One notable event schedule for 12 July is the start of reverse physical flow capacity on the BBL pipe, which will allow gas to move from the UK to the Netherlands. The BBL will offer firm capacity of 7 GWh/h, which translates into 5.8 bcm of potential gas exports annually. The capacity charge is roughly 0.3 €/MWh, while a commodity charge of 0.11 €/MWh is also applied, meaning a fully profitable trade will happen only with the NBP trading at a 0.41 €/MWh discount to the TTF. In terms of that happening, even this year when the NBP has been weak, the arbitrage opportunities have been limited and really concentrated in the shoulder months of April and May and were most acute when the IUK pipe was offline for maintenance. While the BBL reverse capacity should help limit the incidence of periods where the NBP has a deep discount to the TTF, the reality is that BBL reverse flow capacity has not actually increased the UK’s export capacity to the continent. With Bacton export capacity not being expanded, what the new reverse capacity will do is provide traders the option of sending UK exports either to Zeebrugge or directly into the more liquid TTF. Leaving full export capacity unchanged but just diversifying the destination will mean that the impact of the physical reverse flow capacity will be limited and will instead possibly facilitate higher utilisation of the existing Bacton export capacity.
Looking ahead to winter 2019, we are forecasting that the UK will balance in Q4 19 without any continental imports. January looks to be the only month where the UK will need to take continental gas and, even then, we see a 0.13 bcm (10%) y/y reduction. Limiting IUK/BBL net inflows to January does hinge on how strong Norwegian production is in Q1 20. With Johan Sverdrup and Snefrid Nord still on track to start up by the end of the year, Europe could see flows from Norway near record highs, with the UK obliged to max out Norwegian takes regardless of whether underlying demand at the hub is strong.
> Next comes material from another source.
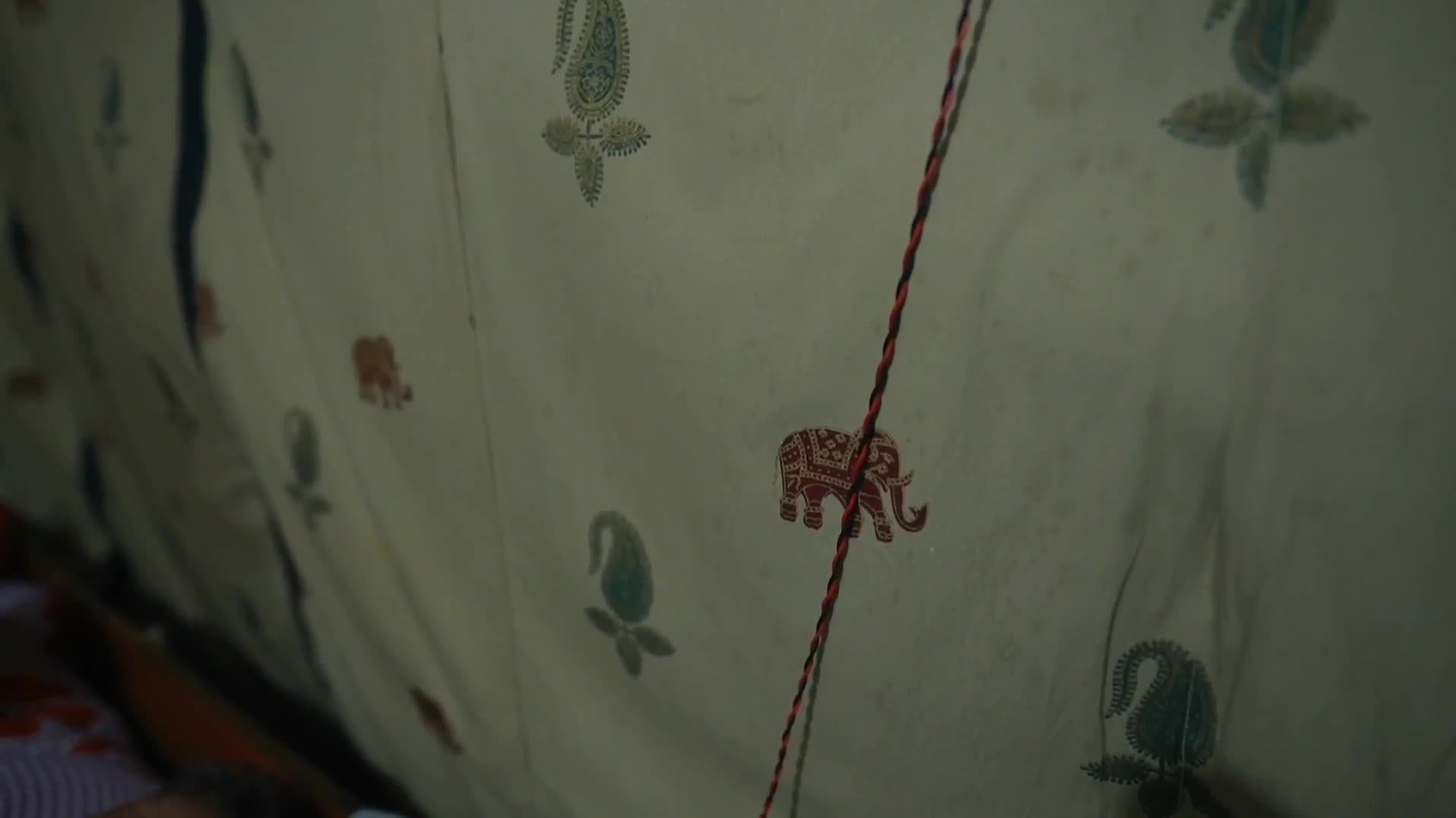 Trabantem tam a zase zpatky 2019 novinka CZ dabing Full HD 1080p Pucci film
With both Norwegian and LNG supply into the UK forecast to be higher y/y in Q1 20, the UK should only need to rely on IUK and BBL flows to balance during peak winter or if the weather is unusually cold. This should keep the NBP-TTF Q1 20 basis much tighter than in previous years.
Of course, a well-supplied outlook also hinges on whether Russia and Ukraine reach an agreement on transit flows, as otherwise the resulting chaos in the continental markets will tighten all European gas markets, including the NBP.